Очередной скандал развлекал телезрителей, поднимая рейтинг передачи, а суд приговаривал Валентину Сергеевну к денежному штрафу. Выплачивала она его помесячно микроскопическими суммами, издевательски называя это "алиментами своим политическим противникам". Климов не хотел получить такую скандалистку в противники перед самыми выборами, и вынужден был пристроить её мужа в аппарат областной администрации, на чём та настаивала.
Надежда Ивановна, секретарь — референт Климова, люто ненавидела Бочарова и сегодня положила на стол губернатору заявление с просьбой принять на работу двух санитаров и назначить ей бесплатное спецпитание, как положено медсестрам из психоневрологического диспансера. Мотивировала она это тем, что в своей работе вынуждена контактировать с чиновниками, которые по своим психическим и интеллектуальным данным ничем не отличаются от пациентов указанного выше диспансера. Но находится в значительно худших условиях, чем медперсонал психдиспансеров, так как не получает спецпитание и отсутствуют санитары со смирительными рубашками. Климов чуть было не подмахнул заявление, полагая, что речь идёт об отгуле, но, прочитав его, разозлился:
— У тебя что, Надежда, помутнение? Что ты мне подсовываешь? Идиота из меня делаешь?
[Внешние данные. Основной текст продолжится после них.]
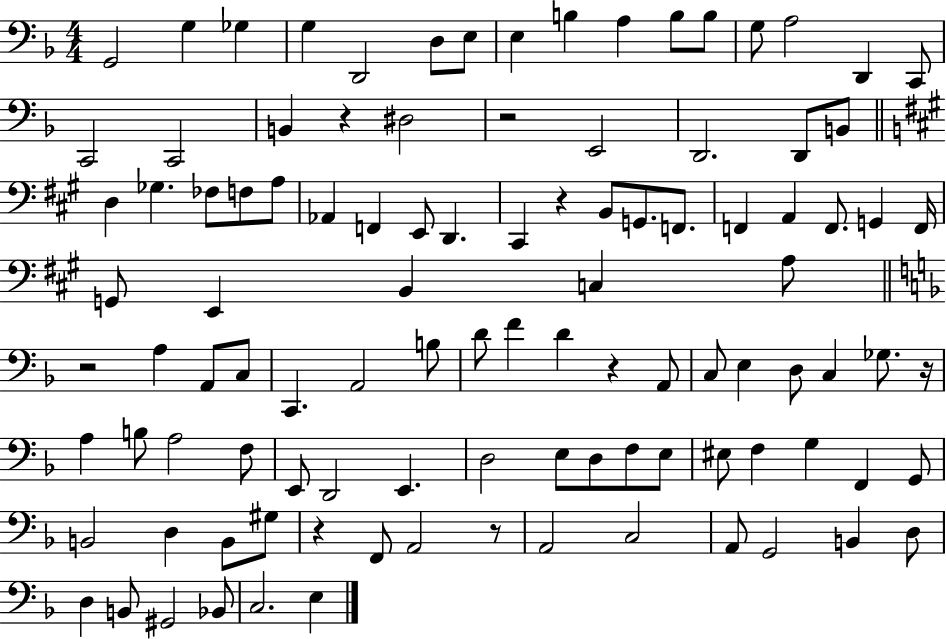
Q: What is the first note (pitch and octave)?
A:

— Почему я делаю? У вас пол администрации таких, но это не я их сделала!
— Каких таких? Таких как я?
— Вы ещё не такой, но Минздрав предупреждает: идиотизм заразен!
После этого она разразилась гневной речью, во время которой Климов занимался своими делами, не прерывая её: знал, что мешать не следует, иначе время разрядки увеличится. Она высказала всё, что думала о недоумке Бочарове, который чем — то её в очередной раз обидел, и вскоре, выдохнувшись, замолкла. Климов, воспользовавшись паузой, невинно спросил:
— Как там Матрёна? В университет поступила?
Марину, дочь Надежды Ивановны, Климов начал называть Матрёной сравнительно недавно, а до этого называл Матрёшкой. Марина редко приходила к матери на работу, но когда приходила, Климов, при встрече, величал её Матрёной Ивановной.
— Какая я вам Матрёна Ивановна? — злилась Марина.
— Ну, я же не могу называть тебя, взрослую уже девушку, Матрёшкой!
— Называйте меня Мариной или, если это сложно запомнить, обращайтесь ко мне просто "Эй!".
— Я с трудом помню, как меня зовут, а ты требуешь, чтобы я запоминал имена окружающих. Хорошо, что ещё узнаю лица! — смеялся Климов, а Марина сердилась и старалась появляться у матери на работе как можно реже.